* Exercise requirements: Provide an exact copy of the lines from the beginning of the records through the line that includes "Herrenjacke Notus wattierte Softshell", and of no others.

* Record extracts:
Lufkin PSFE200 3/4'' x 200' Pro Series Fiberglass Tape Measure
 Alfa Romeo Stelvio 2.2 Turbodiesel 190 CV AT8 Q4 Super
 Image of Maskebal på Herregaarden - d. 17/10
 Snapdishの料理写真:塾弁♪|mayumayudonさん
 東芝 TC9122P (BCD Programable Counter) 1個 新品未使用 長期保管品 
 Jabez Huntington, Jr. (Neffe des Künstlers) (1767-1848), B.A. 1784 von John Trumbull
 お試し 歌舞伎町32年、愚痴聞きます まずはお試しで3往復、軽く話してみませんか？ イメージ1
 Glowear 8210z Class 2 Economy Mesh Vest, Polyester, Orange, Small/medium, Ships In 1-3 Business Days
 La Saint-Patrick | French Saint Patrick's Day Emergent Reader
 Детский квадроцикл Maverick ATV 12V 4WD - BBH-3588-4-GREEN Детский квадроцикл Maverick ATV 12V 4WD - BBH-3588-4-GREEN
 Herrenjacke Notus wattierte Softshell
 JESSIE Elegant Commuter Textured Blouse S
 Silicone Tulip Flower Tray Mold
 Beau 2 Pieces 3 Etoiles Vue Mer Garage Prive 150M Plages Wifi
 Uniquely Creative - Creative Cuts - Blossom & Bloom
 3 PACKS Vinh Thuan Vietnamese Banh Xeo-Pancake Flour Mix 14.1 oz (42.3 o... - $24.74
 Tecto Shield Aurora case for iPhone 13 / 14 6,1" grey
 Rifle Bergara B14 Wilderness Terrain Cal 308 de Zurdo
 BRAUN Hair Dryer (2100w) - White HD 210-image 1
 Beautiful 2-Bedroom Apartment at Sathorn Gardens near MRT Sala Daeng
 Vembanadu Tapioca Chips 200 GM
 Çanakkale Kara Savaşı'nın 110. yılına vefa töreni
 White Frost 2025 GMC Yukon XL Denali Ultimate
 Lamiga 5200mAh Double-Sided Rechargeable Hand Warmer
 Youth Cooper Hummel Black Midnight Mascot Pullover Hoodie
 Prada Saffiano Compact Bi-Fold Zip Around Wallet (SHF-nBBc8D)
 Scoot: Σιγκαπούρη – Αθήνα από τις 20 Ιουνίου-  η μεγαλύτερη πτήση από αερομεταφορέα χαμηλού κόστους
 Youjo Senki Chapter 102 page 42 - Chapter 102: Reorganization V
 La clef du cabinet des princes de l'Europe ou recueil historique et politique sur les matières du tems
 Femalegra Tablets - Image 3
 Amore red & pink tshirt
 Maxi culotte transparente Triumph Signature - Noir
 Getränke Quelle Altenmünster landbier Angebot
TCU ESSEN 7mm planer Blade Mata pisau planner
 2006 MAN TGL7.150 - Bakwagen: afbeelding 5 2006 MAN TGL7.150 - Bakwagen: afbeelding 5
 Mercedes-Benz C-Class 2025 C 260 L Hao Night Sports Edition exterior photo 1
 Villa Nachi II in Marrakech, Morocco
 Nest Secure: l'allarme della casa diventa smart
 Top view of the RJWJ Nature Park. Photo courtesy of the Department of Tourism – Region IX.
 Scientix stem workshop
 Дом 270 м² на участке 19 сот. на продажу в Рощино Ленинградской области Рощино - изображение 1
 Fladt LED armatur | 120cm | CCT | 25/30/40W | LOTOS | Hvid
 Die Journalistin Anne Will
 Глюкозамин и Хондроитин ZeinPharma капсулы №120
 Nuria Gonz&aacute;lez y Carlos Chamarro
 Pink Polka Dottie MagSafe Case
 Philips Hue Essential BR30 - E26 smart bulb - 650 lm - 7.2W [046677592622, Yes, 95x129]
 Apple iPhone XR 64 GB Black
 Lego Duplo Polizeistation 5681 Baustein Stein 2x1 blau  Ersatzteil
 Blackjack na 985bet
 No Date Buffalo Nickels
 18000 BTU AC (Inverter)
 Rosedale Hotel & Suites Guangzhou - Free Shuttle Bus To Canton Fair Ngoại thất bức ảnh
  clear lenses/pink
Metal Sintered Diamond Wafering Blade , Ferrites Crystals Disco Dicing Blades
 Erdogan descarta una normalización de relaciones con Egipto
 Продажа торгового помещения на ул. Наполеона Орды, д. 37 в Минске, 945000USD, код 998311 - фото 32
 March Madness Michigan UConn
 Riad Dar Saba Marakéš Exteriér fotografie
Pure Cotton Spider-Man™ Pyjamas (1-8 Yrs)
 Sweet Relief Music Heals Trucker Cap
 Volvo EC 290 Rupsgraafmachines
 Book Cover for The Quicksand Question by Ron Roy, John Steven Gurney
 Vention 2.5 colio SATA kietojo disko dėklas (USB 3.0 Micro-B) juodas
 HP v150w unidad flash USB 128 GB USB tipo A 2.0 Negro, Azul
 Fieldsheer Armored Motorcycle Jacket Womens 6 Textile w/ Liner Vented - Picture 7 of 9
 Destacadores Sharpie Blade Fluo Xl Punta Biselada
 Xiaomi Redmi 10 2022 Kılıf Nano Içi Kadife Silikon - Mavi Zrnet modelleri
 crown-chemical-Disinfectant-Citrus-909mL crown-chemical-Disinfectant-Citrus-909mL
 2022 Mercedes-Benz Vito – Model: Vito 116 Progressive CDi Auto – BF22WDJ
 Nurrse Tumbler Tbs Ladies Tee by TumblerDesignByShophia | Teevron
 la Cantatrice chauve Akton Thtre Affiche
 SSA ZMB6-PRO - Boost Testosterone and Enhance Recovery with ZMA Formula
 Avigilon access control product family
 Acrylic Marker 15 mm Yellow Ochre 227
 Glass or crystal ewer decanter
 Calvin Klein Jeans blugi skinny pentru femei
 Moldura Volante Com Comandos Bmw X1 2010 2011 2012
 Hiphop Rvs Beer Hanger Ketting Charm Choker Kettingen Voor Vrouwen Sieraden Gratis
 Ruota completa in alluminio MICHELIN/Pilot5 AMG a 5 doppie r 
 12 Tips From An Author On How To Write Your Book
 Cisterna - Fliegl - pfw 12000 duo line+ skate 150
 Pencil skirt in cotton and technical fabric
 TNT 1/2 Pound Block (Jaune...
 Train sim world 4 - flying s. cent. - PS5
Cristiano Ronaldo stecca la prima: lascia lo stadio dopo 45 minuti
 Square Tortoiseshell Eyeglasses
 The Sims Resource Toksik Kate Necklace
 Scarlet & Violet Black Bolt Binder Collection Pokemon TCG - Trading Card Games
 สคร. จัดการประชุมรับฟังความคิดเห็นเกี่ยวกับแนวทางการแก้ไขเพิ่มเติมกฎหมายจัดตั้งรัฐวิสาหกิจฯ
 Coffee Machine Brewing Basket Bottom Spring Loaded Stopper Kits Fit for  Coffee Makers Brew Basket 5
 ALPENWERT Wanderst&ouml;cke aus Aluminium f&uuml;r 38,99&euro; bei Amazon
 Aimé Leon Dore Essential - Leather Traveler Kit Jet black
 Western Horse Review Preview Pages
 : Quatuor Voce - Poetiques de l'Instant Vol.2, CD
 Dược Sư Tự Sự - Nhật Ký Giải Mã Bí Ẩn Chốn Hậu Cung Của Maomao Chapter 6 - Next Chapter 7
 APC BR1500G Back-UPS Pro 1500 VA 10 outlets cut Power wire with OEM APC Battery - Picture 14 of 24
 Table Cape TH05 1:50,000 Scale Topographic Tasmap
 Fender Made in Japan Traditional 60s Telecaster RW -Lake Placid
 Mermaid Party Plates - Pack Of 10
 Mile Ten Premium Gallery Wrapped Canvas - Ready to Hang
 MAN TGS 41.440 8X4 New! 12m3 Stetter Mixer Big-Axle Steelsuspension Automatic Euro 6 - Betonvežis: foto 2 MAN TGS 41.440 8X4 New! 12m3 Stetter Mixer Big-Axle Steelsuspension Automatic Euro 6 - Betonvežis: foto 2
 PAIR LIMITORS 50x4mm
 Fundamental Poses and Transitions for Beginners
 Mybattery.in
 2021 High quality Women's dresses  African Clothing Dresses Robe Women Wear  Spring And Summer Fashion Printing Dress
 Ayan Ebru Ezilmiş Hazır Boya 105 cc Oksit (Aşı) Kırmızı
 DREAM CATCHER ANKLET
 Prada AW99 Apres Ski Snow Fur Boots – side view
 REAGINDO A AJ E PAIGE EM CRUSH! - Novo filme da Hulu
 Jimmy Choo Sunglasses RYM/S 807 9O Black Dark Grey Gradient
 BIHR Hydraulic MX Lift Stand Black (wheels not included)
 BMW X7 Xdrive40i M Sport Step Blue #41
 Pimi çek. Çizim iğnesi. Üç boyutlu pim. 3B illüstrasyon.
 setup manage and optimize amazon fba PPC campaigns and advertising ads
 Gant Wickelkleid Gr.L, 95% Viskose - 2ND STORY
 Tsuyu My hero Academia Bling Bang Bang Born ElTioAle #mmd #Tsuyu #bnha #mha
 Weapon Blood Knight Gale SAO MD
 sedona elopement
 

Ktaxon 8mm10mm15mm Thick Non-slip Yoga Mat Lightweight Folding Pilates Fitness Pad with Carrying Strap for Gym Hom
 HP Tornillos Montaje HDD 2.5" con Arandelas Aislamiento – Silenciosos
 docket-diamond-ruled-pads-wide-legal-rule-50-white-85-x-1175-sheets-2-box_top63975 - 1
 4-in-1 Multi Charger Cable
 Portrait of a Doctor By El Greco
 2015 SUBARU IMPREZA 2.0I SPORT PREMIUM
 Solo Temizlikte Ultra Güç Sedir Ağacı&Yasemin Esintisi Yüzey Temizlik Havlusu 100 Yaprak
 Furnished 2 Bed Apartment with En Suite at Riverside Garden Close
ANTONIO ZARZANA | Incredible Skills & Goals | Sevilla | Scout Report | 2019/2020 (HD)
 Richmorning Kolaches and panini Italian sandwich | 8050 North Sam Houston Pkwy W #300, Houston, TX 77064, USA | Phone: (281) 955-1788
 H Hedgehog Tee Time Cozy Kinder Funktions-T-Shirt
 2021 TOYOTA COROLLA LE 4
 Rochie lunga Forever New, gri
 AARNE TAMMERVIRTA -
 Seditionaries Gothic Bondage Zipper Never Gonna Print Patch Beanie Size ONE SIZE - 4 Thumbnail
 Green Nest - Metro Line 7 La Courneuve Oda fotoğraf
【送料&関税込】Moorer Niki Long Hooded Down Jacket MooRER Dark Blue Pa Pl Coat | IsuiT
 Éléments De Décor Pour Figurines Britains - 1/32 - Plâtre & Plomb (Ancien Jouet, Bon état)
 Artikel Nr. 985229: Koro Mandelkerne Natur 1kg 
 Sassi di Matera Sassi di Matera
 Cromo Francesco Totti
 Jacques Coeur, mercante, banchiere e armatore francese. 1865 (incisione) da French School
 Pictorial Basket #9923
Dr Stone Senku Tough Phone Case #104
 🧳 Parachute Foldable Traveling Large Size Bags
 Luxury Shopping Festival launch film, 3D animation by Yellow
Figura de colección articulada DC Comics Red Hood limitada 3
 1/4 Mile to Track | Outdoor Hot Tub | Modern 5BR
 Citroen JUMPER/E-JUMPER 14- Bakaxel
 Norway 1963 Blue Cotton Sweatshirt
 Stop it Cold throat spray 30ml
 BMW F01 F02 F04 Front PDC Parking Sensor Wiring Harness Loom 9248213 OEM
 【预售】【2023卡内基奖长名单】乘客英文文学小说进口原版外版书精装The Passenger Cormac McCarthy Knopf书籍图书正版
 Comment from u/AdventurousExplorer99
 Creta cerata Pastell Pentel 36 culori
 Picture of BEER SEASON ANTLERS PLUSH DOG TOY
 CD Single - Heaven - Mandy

* Your response:
Lufkin PSFE200 3/4'' x 200' Pro Series Fiberglass Tape Measure
 Alfa Romeo Stelvio 2.2 Turbodiesel 190 CV AT8 Q4 Super
 Image of Maskebal på Herregaarden - d. 17/10
 Snapdishの料理写真:塾弁♪|mayumayudonさん
 東芝 TC9122P (BCD Programable Counter) 1個 新品未使用 長期保管品 
 Jabez Huntington, Jr. (Neffe des Künstlers) (1767-1848), B.A. 1784 von John Trumbull
 お試し 歌舞伎町32年、愚痴聞きます まずはお試しで3往復、軽く話してみませんか？ イメージ1
 Glowear 8210z Class 2 Economy Mesh Vest, Polyester, Orange, Small/medium, Ships In 1-3 Business Days
 La Saint-Patrick | French Saint Patrick's Day Emergent Reader
 Детский квадроцикл Maverick ATV 12V 4WD - BBH-3588-4-GREEN Детский квадроцикл Maverick ATV 12V 4WD - BBH-3588-4-GREEN
 Herrenjacke Notus wattierte Softshell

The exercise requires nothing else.